If you’re tackling the Michael Haneke collection on the Criterion Channel, you may want to supplement your viewing with Haneke on Haneke, a series of conversations with Michel Cieutat and Philippe Rouyer. In another collection of conversations, Cinema Then and Now, Craig S. Simpson talks with the renowned critic and author James Naremore.

Both titles come from Sticking Place Books, which has also recently released Circle of Lions, a memoir by Anthony Ray, the son of Nicholas Ray and writer Jean Evans. The book was written when Anthony Ray was twenty-one, around the time that he appeared in John Cassavetes’s Shadows, which was shot in 1957 but not properly released until 1959. In 1960, Anthony Ray, an accomplished producer, famously married Gloria Grahame, the second of his father’s four wives.

In Los Angeles Magazine, Chris Nichols recommends La Bamba: A Visual History, a collection of black-and-white photos snapped by street photographer Merrick Morton during the making of Luis Valdez’s 1987 Ritchie Valens biopic. Book of Dreams gathers more than ninety collages by Mark Rappaport, the filmmaker best known for Rock Hudson’s Home Movies (1992) and From the Journals of Jean Seberg (1995).

We should also mention two titles out now in languages other than English in the hope that we can look forward to translations. Radu Jude: La fin du cinéma peut attendre is a collection edited by Cyril Neyrat with contributions from Jude, João Pedro Rodrigues, and others, and a QR code on the back cover will take you to Sleep #2 (2024), Jude’s hour-long homage to Andy Warhol.

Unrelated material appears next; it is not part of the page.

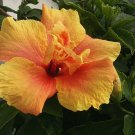 Hibiscus Extract/Hibiscus sabdariffa/Extract Ratio:5:1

Carlo Alberto Petruzzi’s Carmelo Bene a Cannes (1969–1973) focuses on the actor, poet, and filmmaker’s years at the festival, which led to wider recognition of his work throughout Europe.

Endnotes

Just before Sabzian went on its summer break, the journal posted Tillo Huygelen’s outstanding roundup of notes on new books by critics and scholars Jonathan Rosenbaum, Jules O’Dwyer, and Clara Rowland and filmmakers Heiny Srour, Philippe Grandrieux, and Sylvain George as well as new collections of writing by Pier Paolo Pasolini. Also featured here are studies of work by Jean-Luc Godard, François Truffaut, Guy Debord, Pedro Costa, Sarah Maldoror, Jean Epstein, and Andrei Tarkovsky—and a collection of interviews with John Carpenter. Christopher Schobert’s latest roundup for the Film Stage includes notes on Matt Zoller Seitz’s book on Wes Anderson’s Asteroid City and Jason Bailey’s James Gandolfini biography.

Turning to podcasts—and speaking of Bailey—his and Mike Hull’s recent guests on Guide for the Film Fanatic include Grady Hendrix and Chris Poggiali, the coauthors of These Fists Break Bricks: How Kung Fu Movies Swept America and Changed the World, and Max Evry, whose A Masterpiece in Disarray is an oral history of David Lynch’s Dune (1984). And Writers on Film host John Bleasdale talks with D. Harlan Wilson about Strangelove Country, a study of Stanley Kubrick’s Dr. Strangelove (1964), 2001: A Space Odyssey (1968), and A Clockwork Orange (1971) as well as Kubrick’s collaboration with Steven Spielberg on A.I. Artificial Intelligence (2001).